EXERCISE OBJECTIVE ::
The material below includes pictures; leave them out and return only the lines between the line containing "OnePlus 8 Pro price in Pakistan & features" and the line containing "秘密のチャンスタイム?", inclusive, word for word.

EXTRACTED ENTRIES ::
- Opening Delimiter -

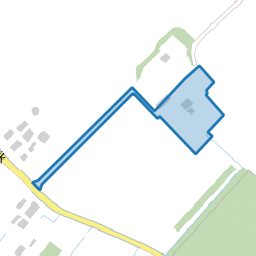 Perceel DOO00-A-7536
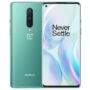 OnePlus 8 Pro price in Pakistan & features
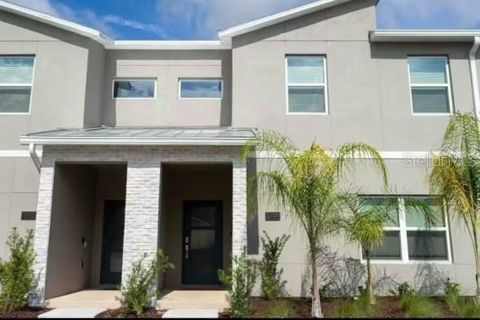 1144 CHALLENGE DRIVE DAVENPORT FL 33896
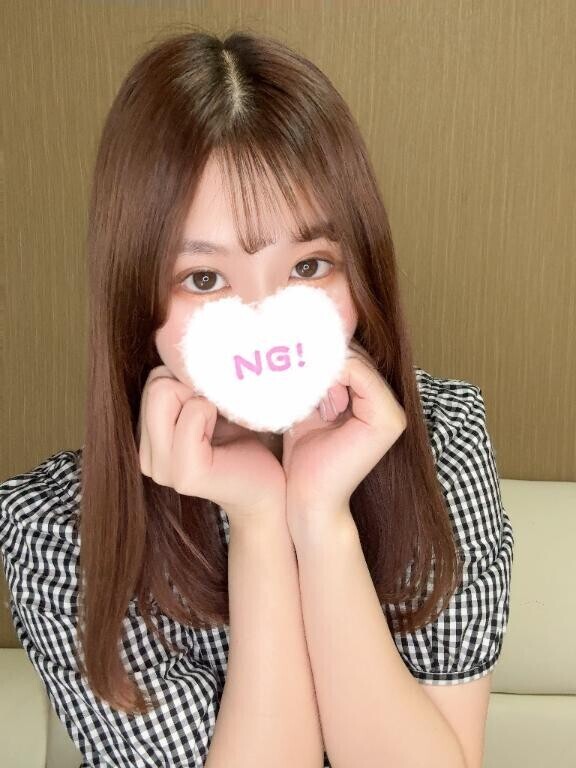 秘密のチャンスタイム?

- Closing Delimiter -
- Opening Delimiter -

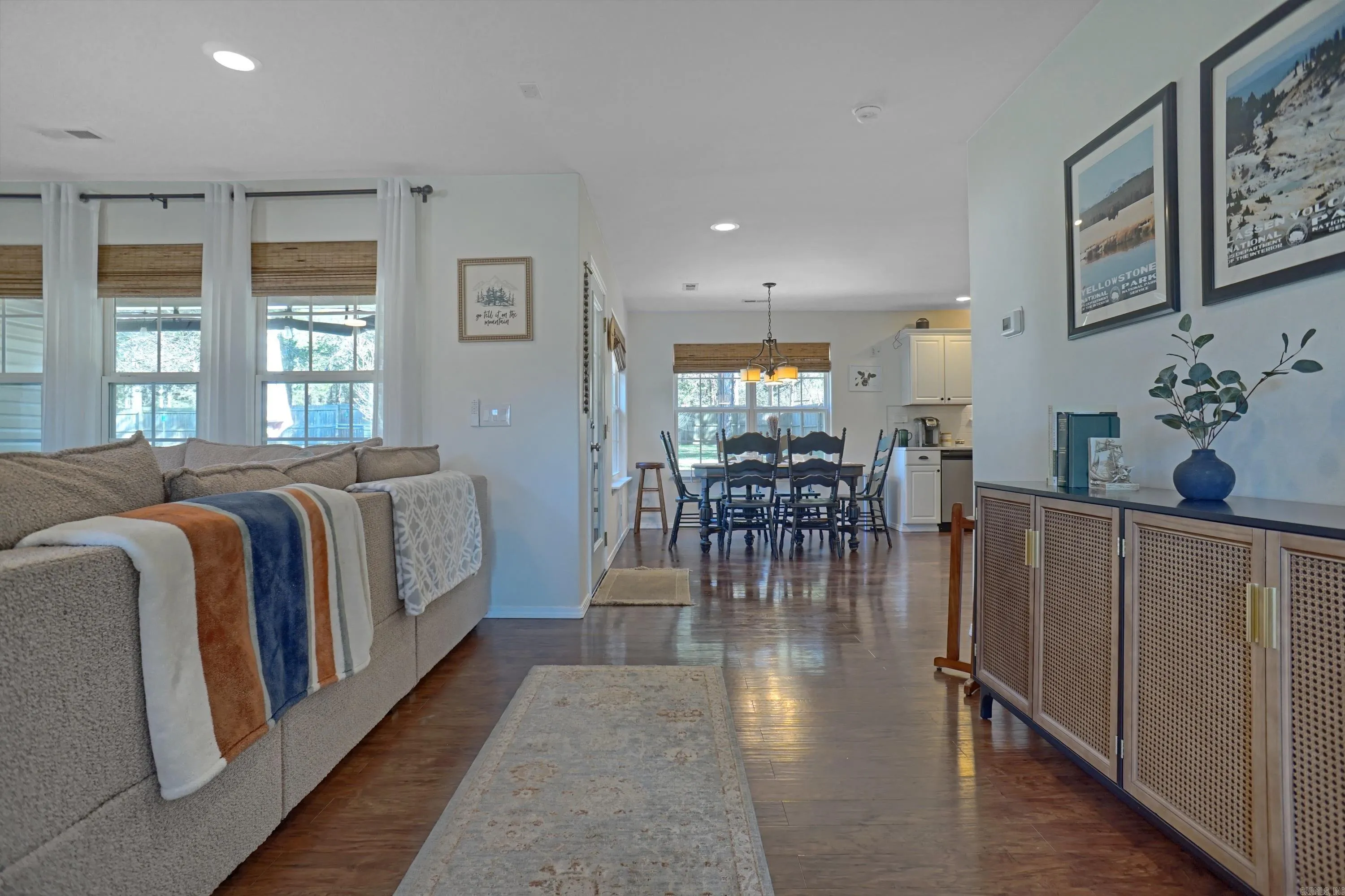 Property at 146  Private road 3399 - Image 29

- Closing Delimiter -

RESPONSE FOR THIS EXERCISE ::
 OnePlus 8 Pro price in Pakistan & features
 1144 CHALLENGE DRIVE DAVENPORT FL 33896
 秘密のチャンスタイム?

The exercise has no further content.